April 19, 2024

Declare Victory

By Stephen Tuttle | June 16, 2018

Now that we've decided to cozy up to North Korea while alienating our allies, maybe we should be mindful we're still fighting real wars.  

You might recall the War that Never Ends in Afghanistan. It started as an effort to remove the Taliban from control of the country because they were murderous thugs who had given aid, comfort, and safe-haven to al Qaida, the perpetrators of 9/11.

A relative handful of American special operations personnel, together with tribal leaders we called the Northern Alliance, sent the Taliban scurrying off into the hills.
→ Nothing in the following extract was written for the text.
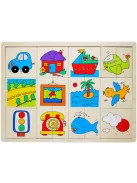 Fa Puzzle felező, párosító játék Járműves B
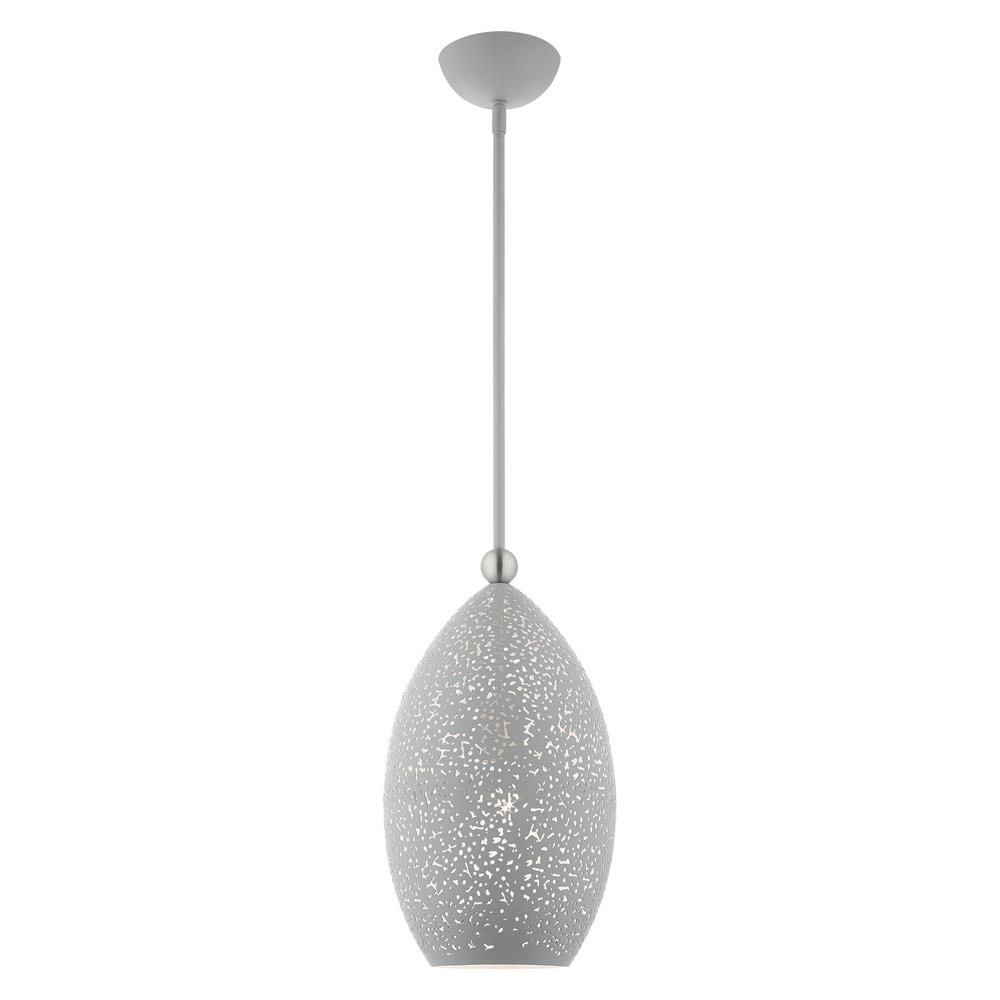 Livex Lighting 49182-80 Charlton Pendant in Nordic Gray with Brushed Nickel Accents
Then we sent more troops and more and more.

The Bush/Cheney/Rumsfeld troika claimed we were going to bring democracy to Afghanistan and the region.

It's been nearly 17 years, the longest war in our history, and we still have 15,000 troops and nearly twice that many private contractors on the ground there. (This is the first war in which we've had more private contractors than military personnel in theater.) The Taliban now control close to 15 percent of the country. ISIS is still a presence. We've spent nearly $80 billion training the Afghan military, and they still aren't ready to fully defend their own country. The “unity” government is barely functional and at least parts of it are highly corrupt. Their constitution is a mishmash of faux democracy and Islamic law. The official name of the country is now the Islamic Republic of Afghanistan, so that whole western democracy thing didn't pan out. 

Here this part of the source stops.